Records for this exercise

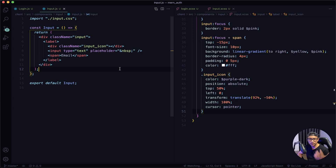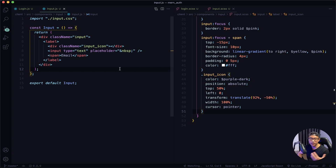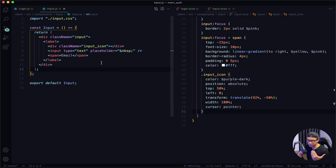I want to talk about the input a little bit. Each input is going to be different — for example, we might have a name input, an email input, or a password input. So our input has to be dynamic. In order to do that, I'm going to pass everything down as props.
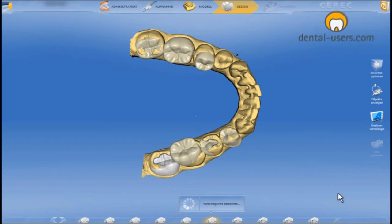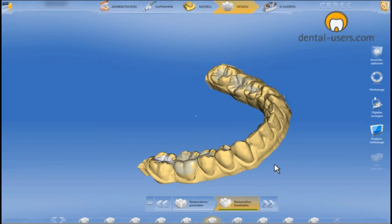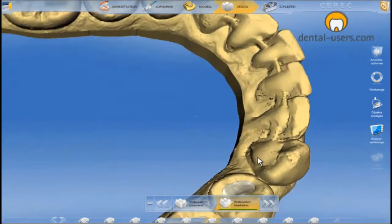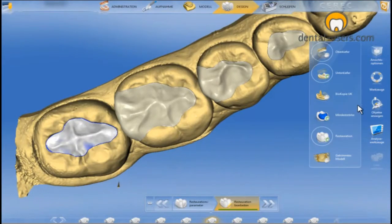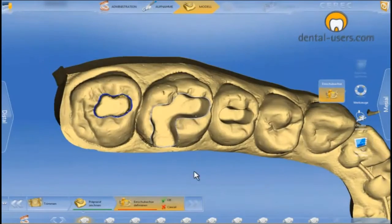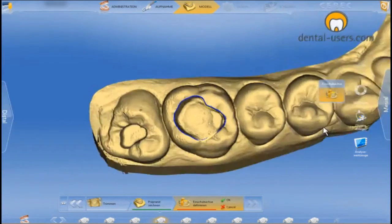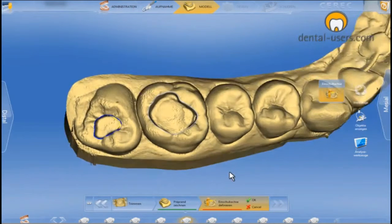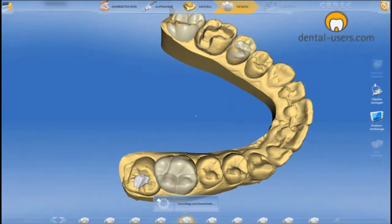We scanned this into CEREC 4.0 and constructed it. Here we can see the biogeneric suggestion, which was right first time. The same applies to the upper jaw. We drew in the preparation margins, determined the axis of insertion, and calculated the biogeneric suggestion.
--
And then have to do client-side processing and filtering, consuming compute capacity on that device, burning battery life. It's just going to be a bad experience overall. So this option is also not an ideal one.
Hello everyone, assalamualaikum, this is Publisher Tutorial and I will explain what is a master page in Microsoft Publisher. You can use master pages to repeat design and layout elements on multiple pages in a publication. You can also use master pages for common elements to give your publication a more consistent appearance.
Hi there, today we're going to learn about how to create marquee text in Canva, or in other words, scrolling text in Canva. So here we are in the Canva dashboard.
...
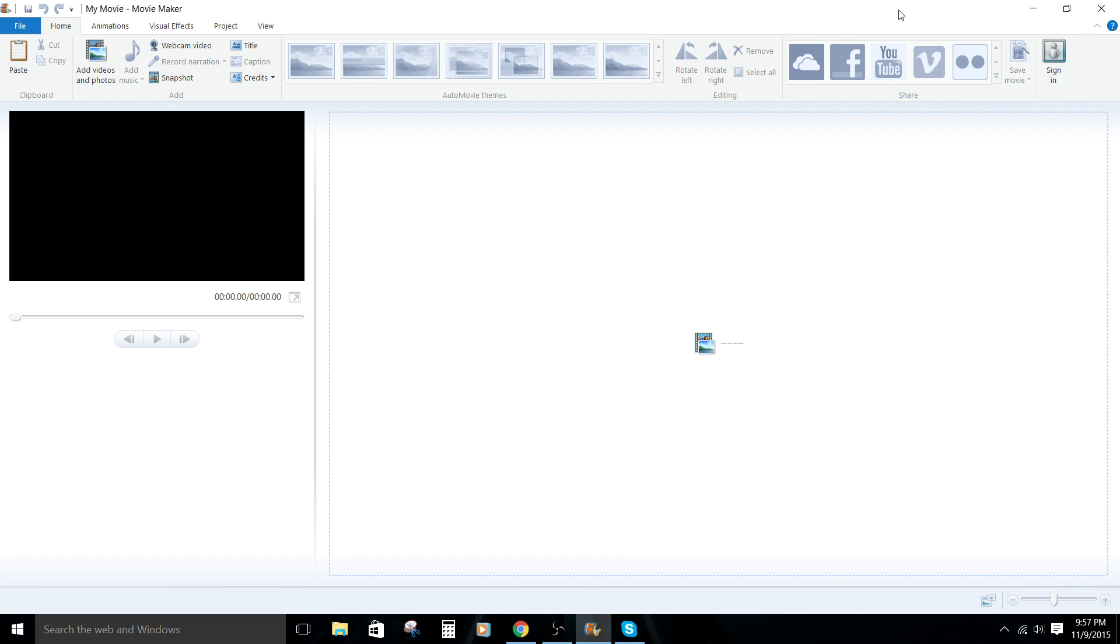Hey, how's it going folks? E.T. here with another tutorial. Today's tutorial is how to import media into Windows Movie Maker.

Assignment
Give again the stretch of lines above from the one with "I want to talk" through the one with "We scanned this", both ends kept, and copy no pictures.

Final answer
I want to talk about the input a little bit. Each input is going to be different — for example, we might have a name input, an email input, or a password input. So our input has to be dynamic. In order to do that, I'm going to pass everything down as props.
We scanned this into CEREC 4.0 and constructed it. Here we can see the biogeneric suggestion, which was right first time. The same applies to the upper jaw. We drew in the preparation margins, determined the axis of insertion, and calculated the biogeneric suggestion.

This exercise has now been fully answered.